*Data segment*:
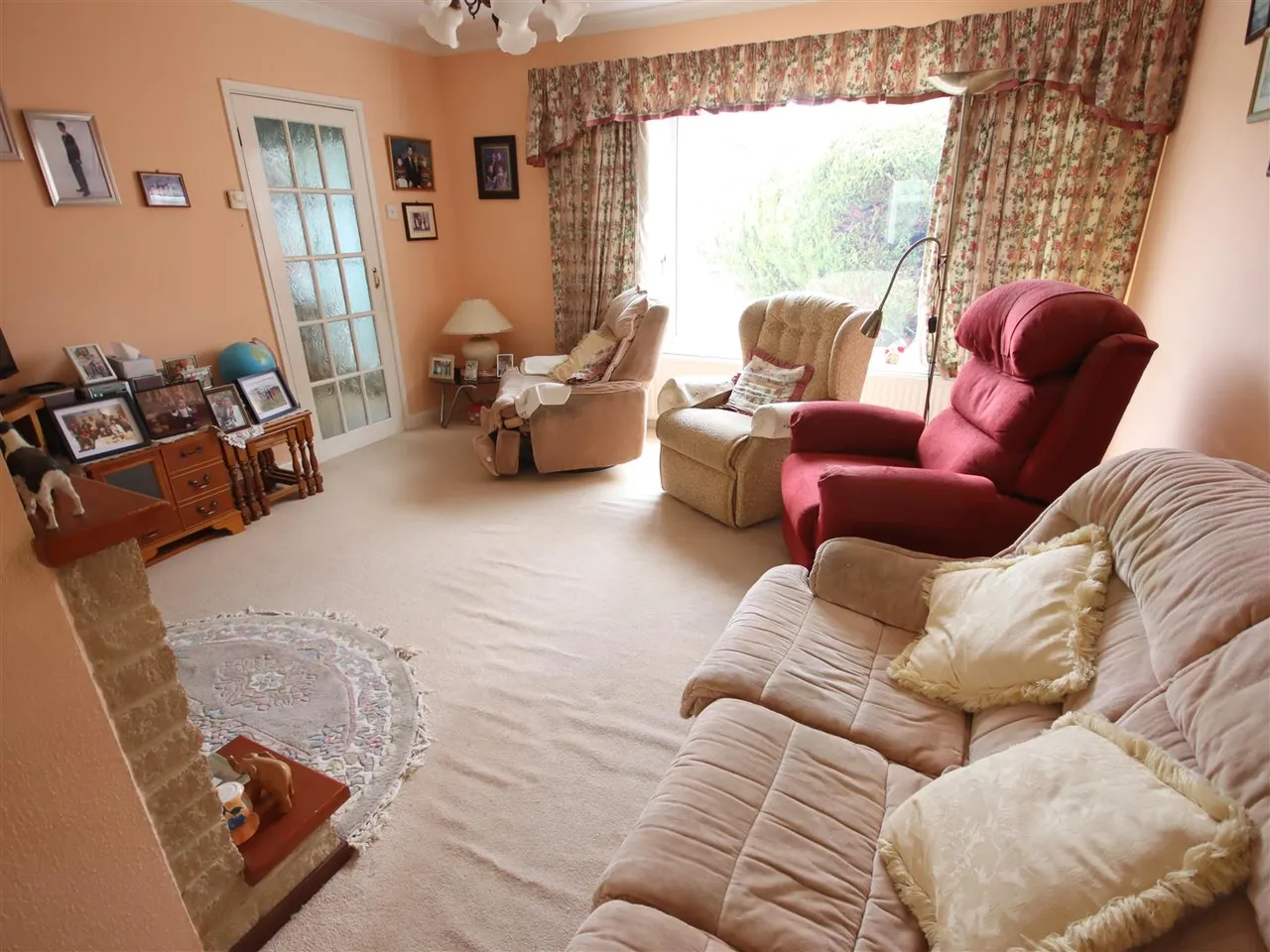Elm Close, Calne, photo 4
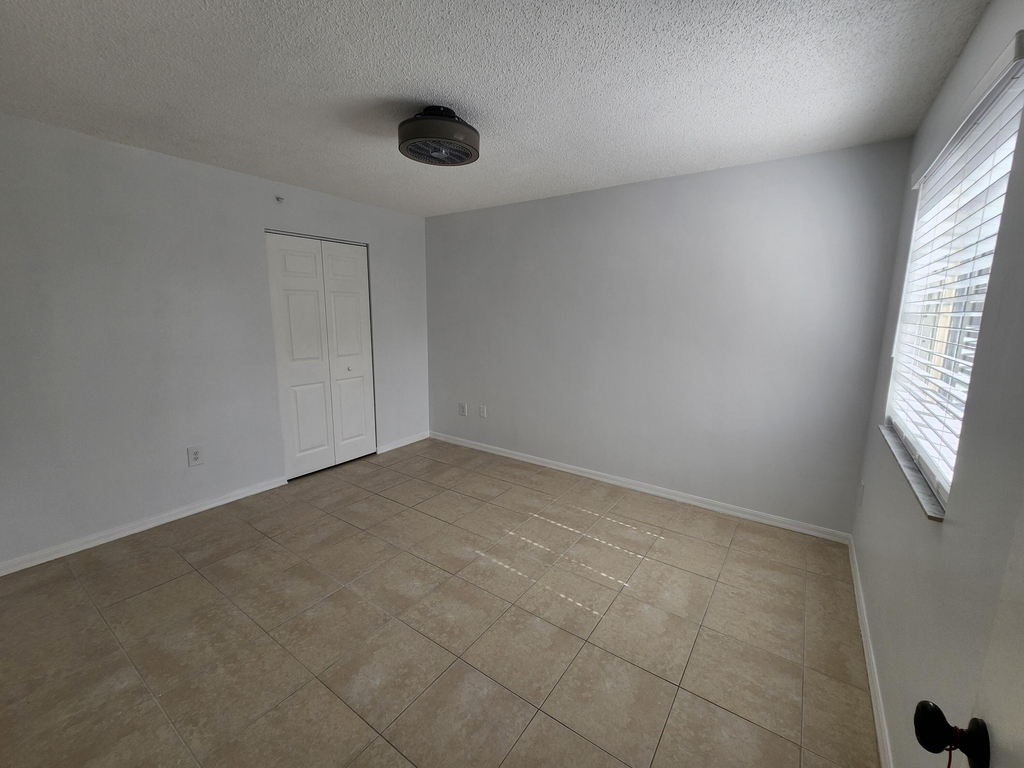 400 N Crestwood Court - Photo 15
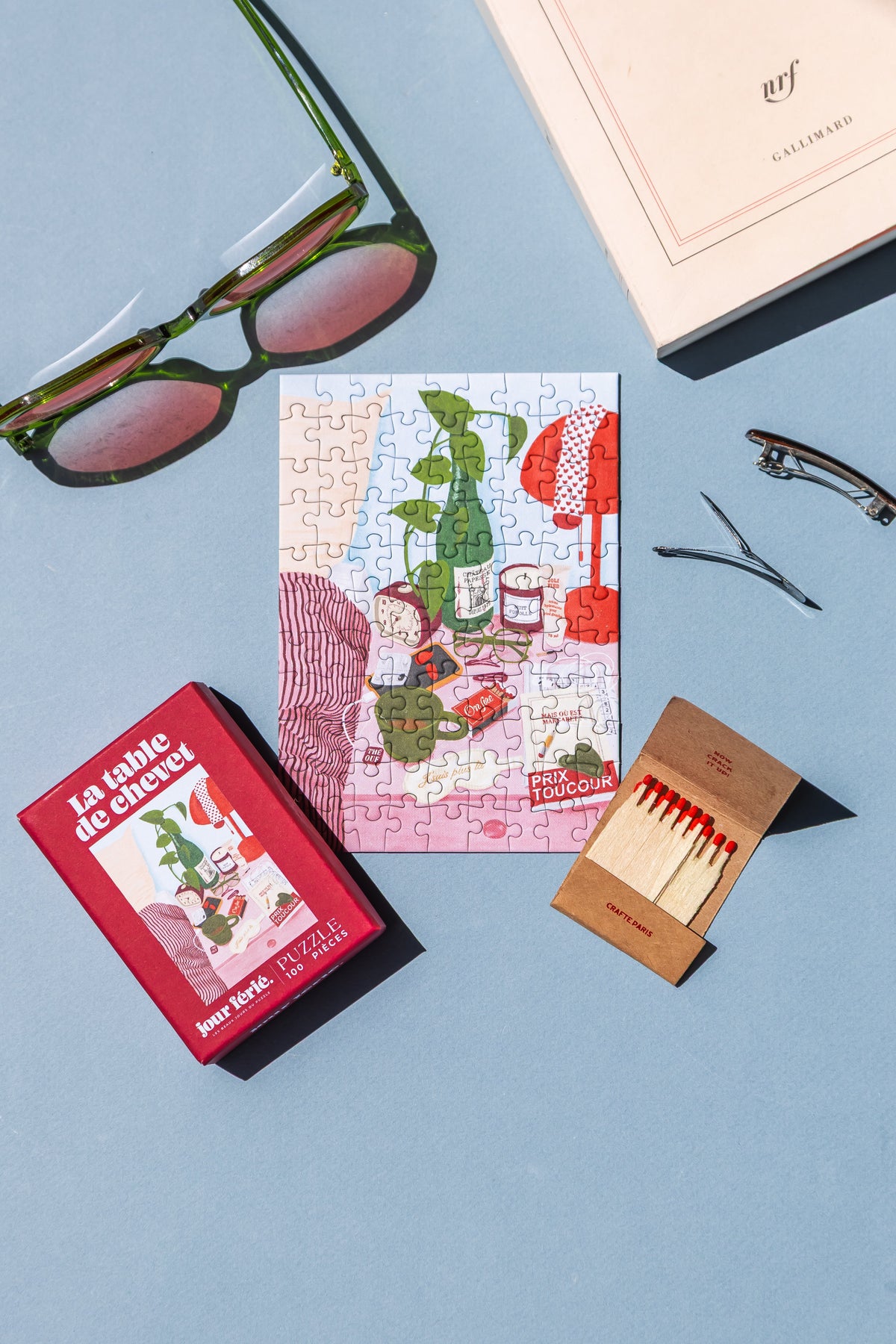 Mini puzzle La table de chevet assemblé, avec sa boîte, des lunettes et un livre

*To do*:
Please write out, word for word, each line from the one with "400 N Crestwood Court - Photo 15" to the last line of the data, keeping both ends and omitting pictures.

*Expected answer*:
 400 N Crestwood Court - Photo 15
 Mini puzzle La table de chevet assemblé, avec sa boîte, des lunettes et un livre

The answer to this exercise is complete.